Competitive Pressures: The entrance of Salesforce and the enduring rivalry with IQVIA necessitate that Veeva leverage its strengths while navigating a complex competitive environment.
Strategic Capital Deployment: With $4 billion in cash reserves, Veeva’s ability to identify strategic acquisition opportunities and effectively allocate this capital will be critical to its future growth trajectory.
Balancing Stakeholder Interests: As a PBC, Veeva must adeptly balance the sometimes-conflicting interests of its various stakeholders while continuing to deliver robust shareholders value.
Conclusion
Veeva is the kind of business we look for: mission-critical, founder-led, with a long growth runway, recurring cash flows, high ROIC, and a wide moat. We are willing to pay for such quality, and even at supposedly high multiples, we believe it is undervalued in the long term. Veeva is a core position for us, and we look forward to continuing our partnership with such a high-quality company.
We believe there are valid risks, but based on our research and conversations with various stakeholders, Veeva's moat appears impenetrable. Coupled with solid growth, this makes it a strong compounder.

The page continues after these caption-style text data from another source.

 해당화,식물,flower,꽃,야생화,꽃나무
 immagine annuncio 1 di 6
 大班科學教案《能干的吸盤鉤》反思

(Media is from Veeva's IR)
Disclaimer: This article is for informational purposes only and should not be considered financial advice. Our hedge fund may hold positions in the companies discussed and may actively trade in these securities. Our views are based on publicly available information and our internal analysis, which are subject to change without notice. We encourage readers to perform their own research or consult with a professional financial advisor before making any investment decisions. We assume no responsibility or liability for any errors or omissions in the content.